TASK ITEM - The listing that follows must be retyped exactly, without its pictures.

INPUT RECORDS -
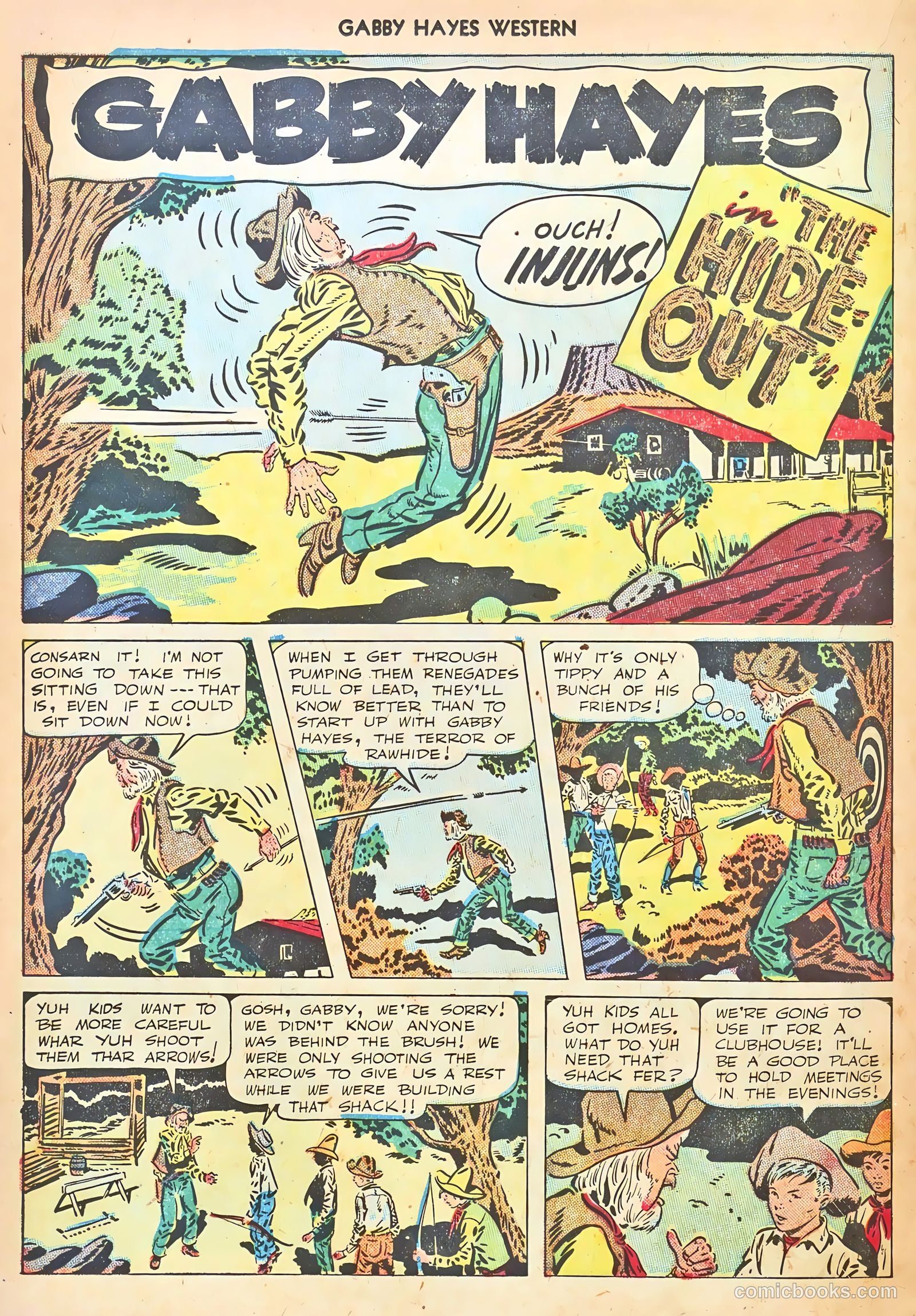 Gabby Hayes Western #12 — page 18 of 36
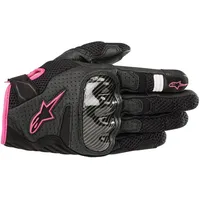 Alpinestars Stella SMX-1 Air V2 Handschuhe Damen - Schwarz/Pink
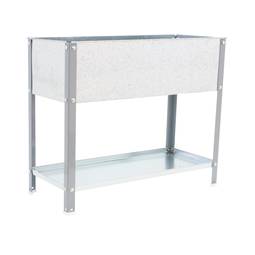 Urban Garden PrimeMatik Top 850x900x600 mm cinza e galvanizado com capacidade de 140 litros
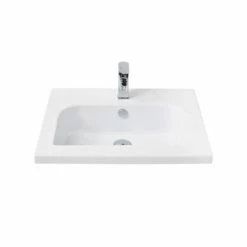 Miller - 610mm D-Shaped Bowl Ceramic Basin - 120W1
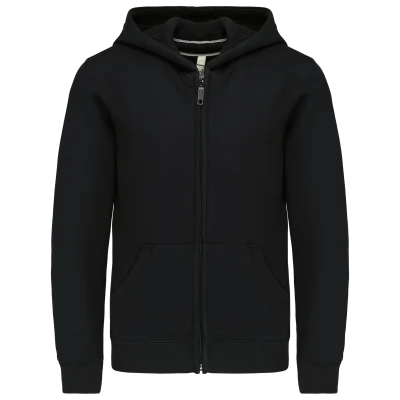 Sweat-shirt capuche zippé enfant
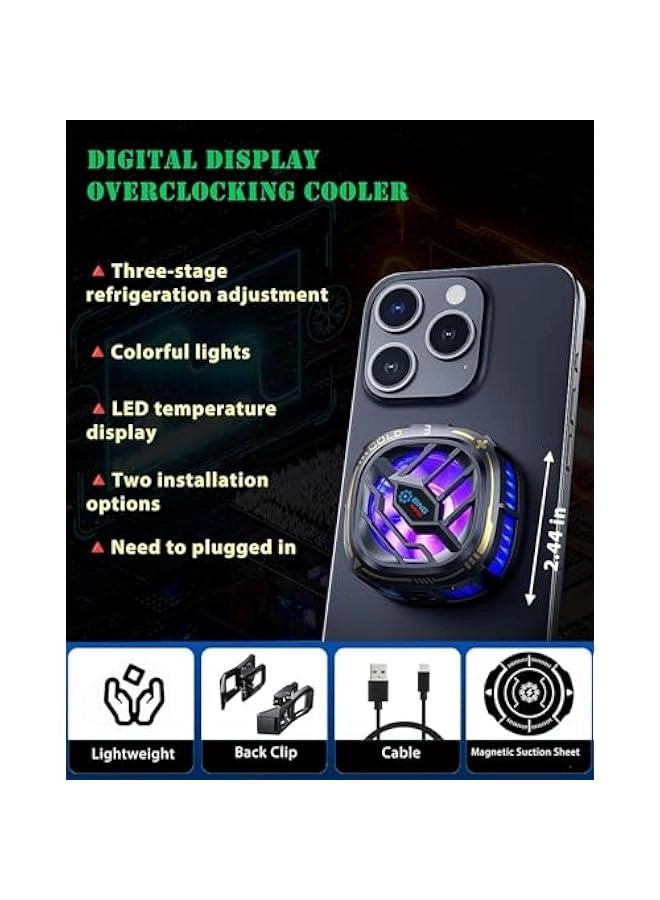 Phone Cooler Stand - Height Adjustable Cooling Fan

RESPONSE FOR THIS EXERCISE -
 Gabby Hayes Western #12 — page 18 of 36
 Alpinestars Stella SMX-1 Air V2 Handschuhe Damen - Schwarz/Pink
 Urban Garden PrimeMatik Top 850x900x600 mm cinza e galvanizado com capacidade de 140 litros
 Miller - 610mm D-Shaped Bowl Ceramic Basin - 120W1
 Sweat-shirt capuche zippé enfant
 Phone Cooler Stand - Height Adjustable Cooling Fan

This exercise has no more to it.